Without his wit, alacrity and experience, the task of beating the horse of the Cartesian
approach to understanding our dying world to death would have resulted in
something unbearably maddening, dry and uninspiring. In this book he sneaks
some LOLROF side-splitters in when you least expect them. One gathers from Orlov’s
painstaking efforts, the futility of looking to outdated constructs and
philosophies for understanding and relief from a crisis that demands complete
innovation and inspiration.
Reading closely, one sees Orlov carefully planting seeds of
reconciliation with our planet and each other throughout—as a fundamental baseline.
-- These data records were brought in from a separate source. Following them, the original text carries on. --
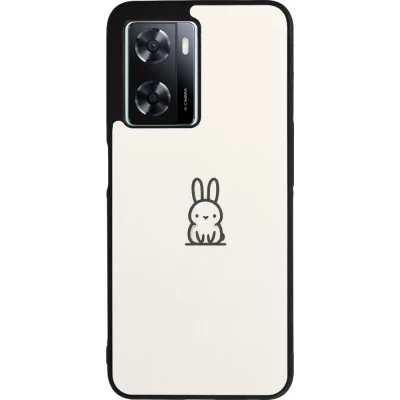 Coque OPPO A57 5G - Silicone rigide noir Minimal bunny cutie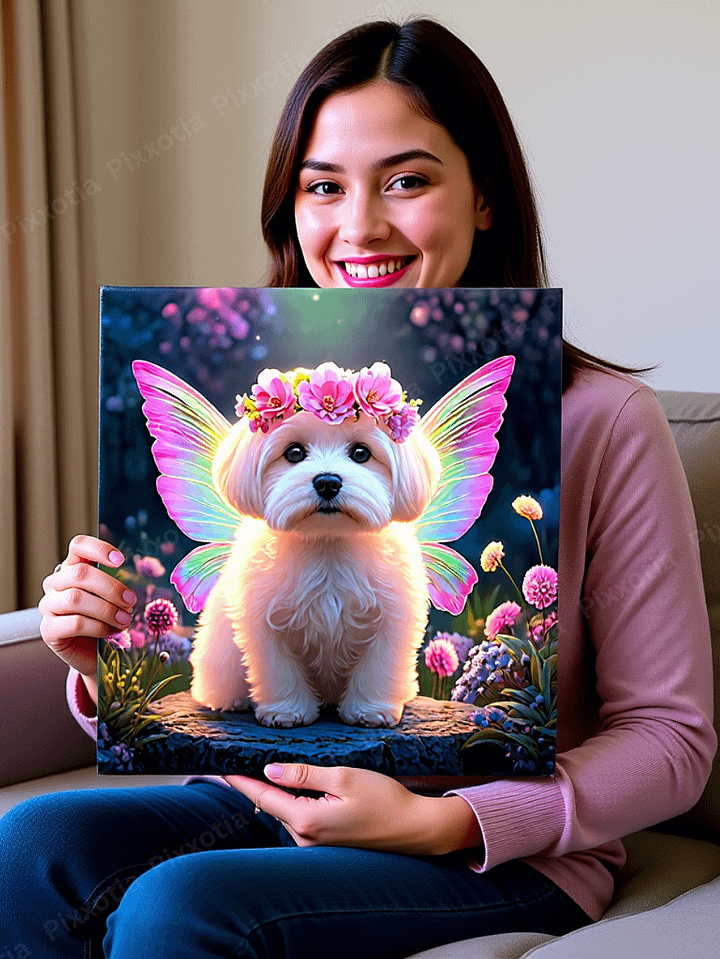 Custom Pet Portrait with Fairy Wings and Flower Crown | Digital Pet Gift product image (1)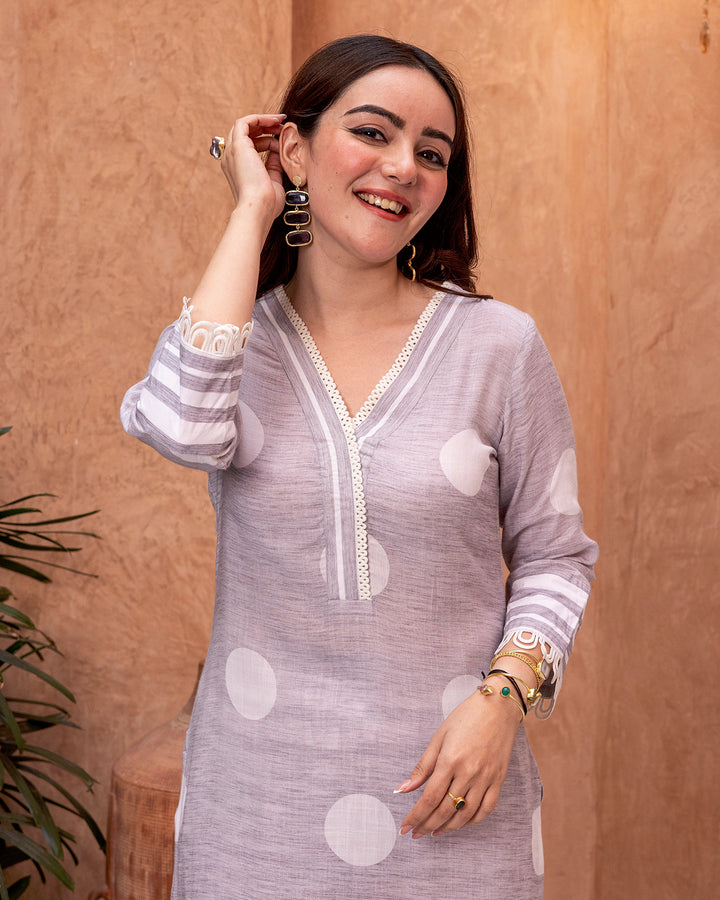 Grey Lace & Polka Kurta Set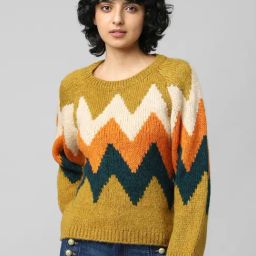 Only Multicolored Chevron Pattern Pullover-image-41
He arrives at places outside the box of the current meme by using methodologies
and analyses that are sacramental within the meme. That’s an achievement.
Perhaps in his next book he will stand on that ground more forcefully and tell
us what he sees. We don’t need to understand collapse right now as much as we
need to survive it. And that is where Dmitry Orlov rises through the rubble and
gives us magnificent gems like this: “At
the rock bottom of human survival, there is no individual and there is no
state; there is only the family, or, if there isn’t, there is something that’s
not quite human—or there is nothing at all.”
Michael C. Ruppert
4 comments:
@Rupppert
So is Dmitry one of your hundred monkeys or are you one of his?
I think Mike's review is honest to a fault. It would have been nice to see a bit more discussion of the book. I'm buying one regardless, just reviewing all-too-brief Ruppert review.
BTW, Carolyn Baker did a great job with her review. She's preaching the choir here, of course.
Dmitri, have you read Edward Goldsmith's "The Great U-turn: de-industrializing society"?
I stumbled across this piece in a dead-tree store yesterday, and every page in this well-researched and enlightening book reminds me of your ideas.
I like that Ruppert eschews the Cartesian approach. Truly we are dealing with something that is off the chart!